▶ _Your goal_:
Below are some records. Write out the lines from the one containing "Set of 5 Engine" to the last line, word for word, leaving out pictures.

****************

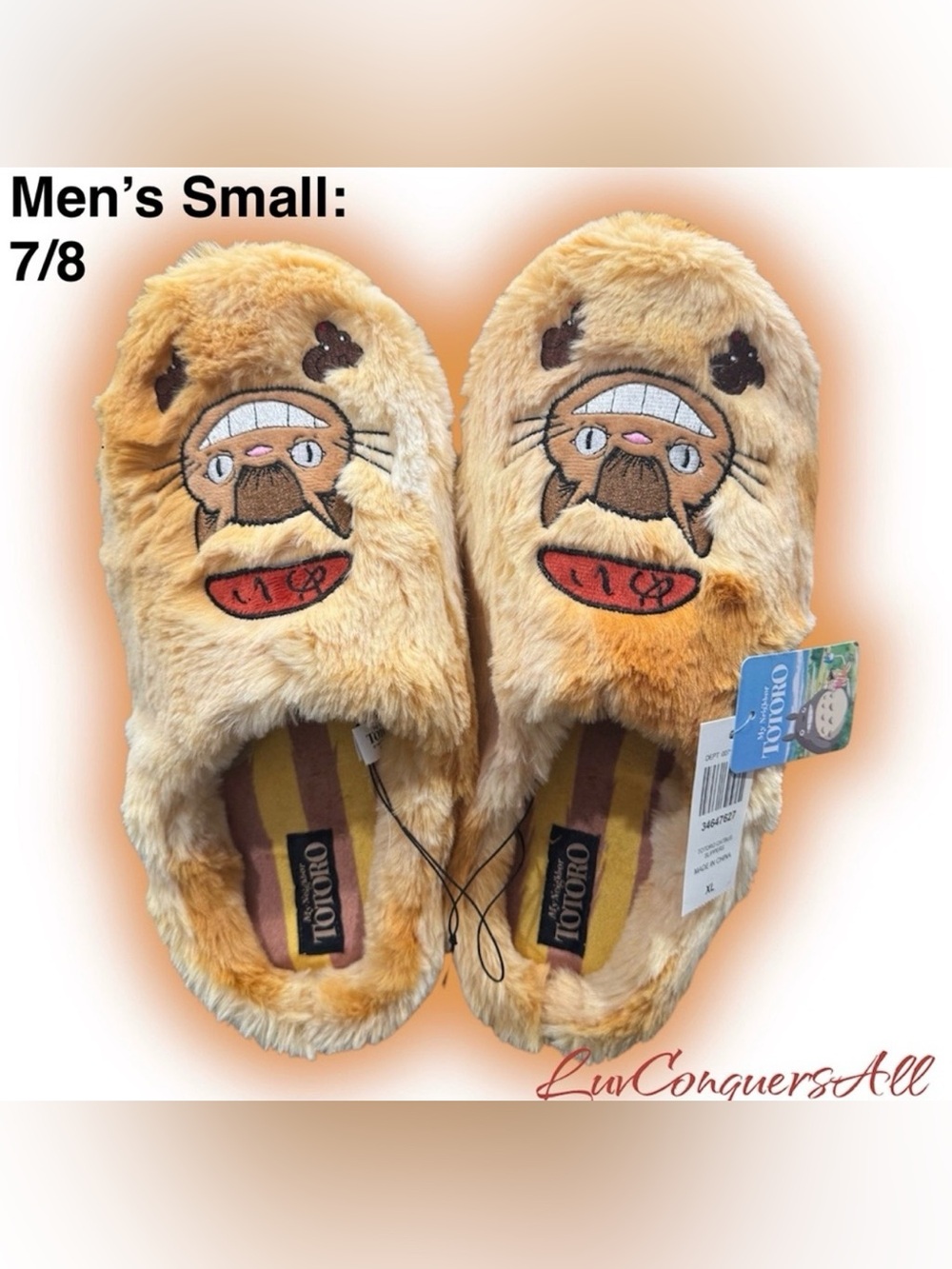 Studio Ghibli My Neighbor Totoro Catbus Slippers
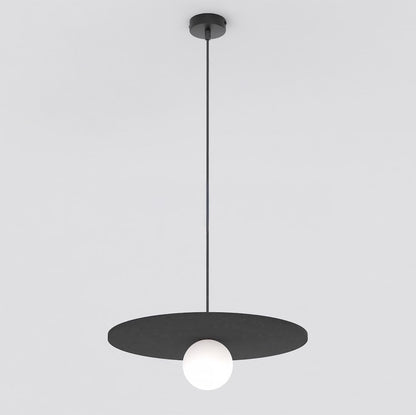 Calma 1 pendant light black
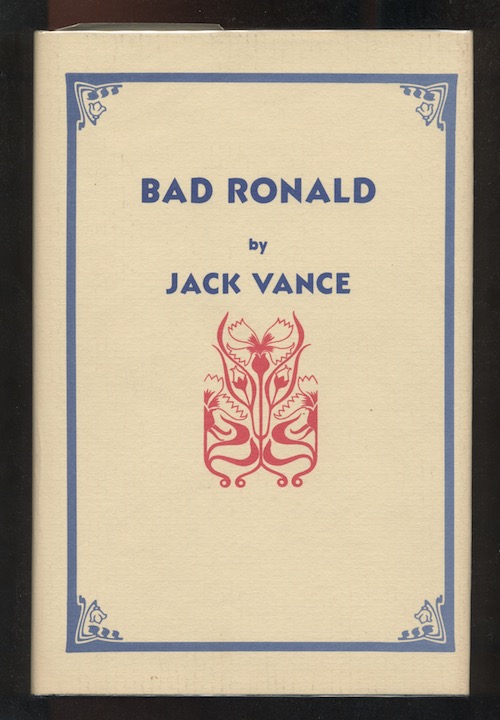Image for BAD RONALD—SIGNED!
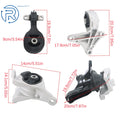 Set of 5 Engine Motor & Transmission Mounts for Honda CR-V (2012–2014)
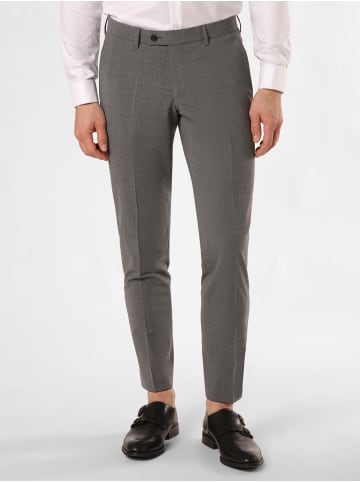 Finshley & Harding London Baukasten-Hose Hoxdon in grau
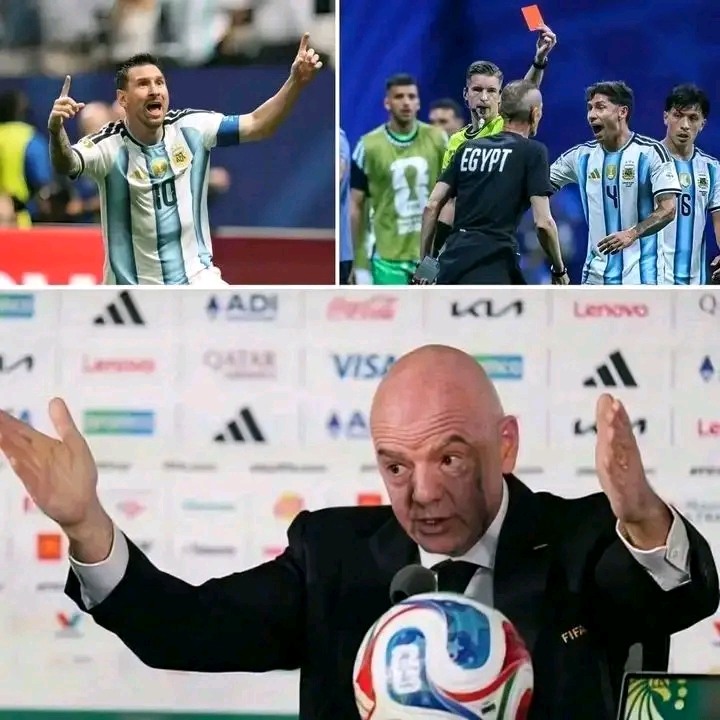 Die Kontroverse um die Beschwerde Ägyptens bei der FIFA nach dem Spiel gegen Argentinien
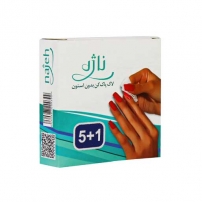 پد لاک پاک کن ساشه 6 عددی ناژه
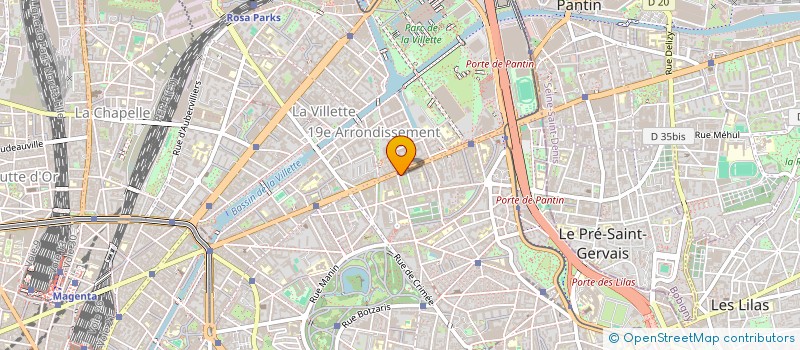 localisation de l'entreprise 918 064 726   PARIS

****************

▶ _Response box_:
 Set of 5 Engine Motor & Transmission Mounts for Honda CR-V (2012–2014)
 Finshley & Harding London Baukasten-Hose Hoxdon in grau
 Die Kontroverse um die Beschwerde Ägyptens bei der FIFA nach dem Spiel gegen Argentinien
 پد لاک پاک کن ساشه 6 عددی ناژه
 localisation de l'entreprise 918 064 726   PARIS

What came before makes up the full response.